= Records drawn from a dataset =
[Start of Attachment]
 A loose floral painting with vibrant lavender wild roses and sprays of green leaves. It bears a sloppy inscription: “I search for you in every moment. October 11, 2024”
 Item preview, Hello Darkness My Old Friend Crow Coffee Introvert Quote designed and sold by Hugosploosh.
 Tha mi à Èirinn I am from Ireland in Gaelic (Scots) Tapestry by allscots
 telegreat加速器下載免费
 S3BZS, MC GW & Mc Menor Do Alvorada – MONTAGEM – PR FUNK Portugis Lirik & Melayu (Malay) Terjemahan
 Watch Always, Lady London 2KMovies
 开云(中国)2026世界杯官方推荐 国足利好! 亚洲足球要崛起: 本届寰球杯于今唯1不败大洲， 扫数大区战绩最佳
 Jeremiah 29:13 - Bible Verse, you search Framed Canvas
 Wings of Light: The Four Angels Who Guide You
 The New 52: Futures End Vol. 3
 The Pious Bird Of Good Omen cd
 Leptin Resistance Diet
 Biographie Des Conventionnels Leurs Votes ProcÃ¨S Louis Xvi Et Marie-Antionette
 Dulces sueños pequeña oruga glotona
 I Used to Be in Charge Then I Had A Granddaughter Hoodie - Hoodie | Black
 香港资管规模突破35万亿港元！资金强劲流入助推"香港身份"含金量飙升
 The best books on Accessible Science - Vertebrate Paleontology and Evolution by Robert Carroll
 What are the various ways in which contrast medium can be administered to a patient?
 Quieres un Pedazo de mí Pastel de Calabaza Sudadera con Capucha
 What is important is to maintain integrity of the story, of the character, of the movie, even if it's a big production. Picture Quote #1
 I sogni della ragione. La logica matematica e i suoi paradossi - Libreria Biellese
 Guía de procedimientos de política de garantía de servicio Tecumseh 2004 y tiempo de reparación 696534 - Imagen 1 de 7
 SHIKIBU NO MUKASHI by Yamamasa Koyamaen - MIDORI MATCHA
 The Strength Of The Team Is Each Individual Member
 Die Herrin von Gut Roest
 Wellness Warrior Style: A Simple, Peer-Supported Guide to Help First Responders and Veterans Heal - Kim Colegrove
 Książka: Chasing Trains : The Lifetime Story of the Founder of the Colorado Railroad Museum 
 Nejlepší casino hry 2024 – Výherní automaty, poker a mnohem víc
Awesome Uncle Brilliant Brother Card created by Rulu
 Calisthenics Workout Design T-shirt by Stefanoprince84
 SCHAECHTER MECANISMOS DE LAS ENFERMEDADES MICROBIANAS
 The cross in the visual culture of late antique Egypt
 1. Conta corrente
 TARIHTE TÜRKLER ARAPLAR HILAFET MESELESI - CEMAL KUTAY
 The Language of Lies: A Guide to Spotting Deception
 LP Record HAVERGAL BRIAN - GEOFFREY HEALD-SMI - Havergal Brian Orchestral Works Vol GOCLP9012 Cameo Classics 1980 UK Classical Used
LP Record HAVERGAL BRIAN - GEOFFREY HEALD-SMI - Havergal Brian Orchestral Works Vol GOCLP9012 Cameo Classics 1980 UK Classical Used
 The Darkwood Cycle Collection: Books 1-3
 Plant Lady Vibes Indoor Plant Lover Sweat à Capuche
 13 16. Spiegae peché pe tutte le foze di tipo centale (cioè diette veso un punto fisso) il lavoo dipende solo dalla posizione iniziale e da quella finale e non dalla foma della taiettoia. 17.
[End of Attachment]
= How to complete this task =
Pull out every line above that holds the word "BRIAN".

= Answer to this exercise =
 LP Record HAVERGAL BRIAN - GEOFFREY HEALD-SMI - Havergal Brian Orchestral Works Vol GOCLP9012 Cameo Classics 1980 UK Classical Used
LP Record HAVERGAL BRIAN - GEOFFREY HEALD-SMI - Havergal Brian Orchestral Works Vol GOCLP9012 Cameo Classics 1980 UK Classical Used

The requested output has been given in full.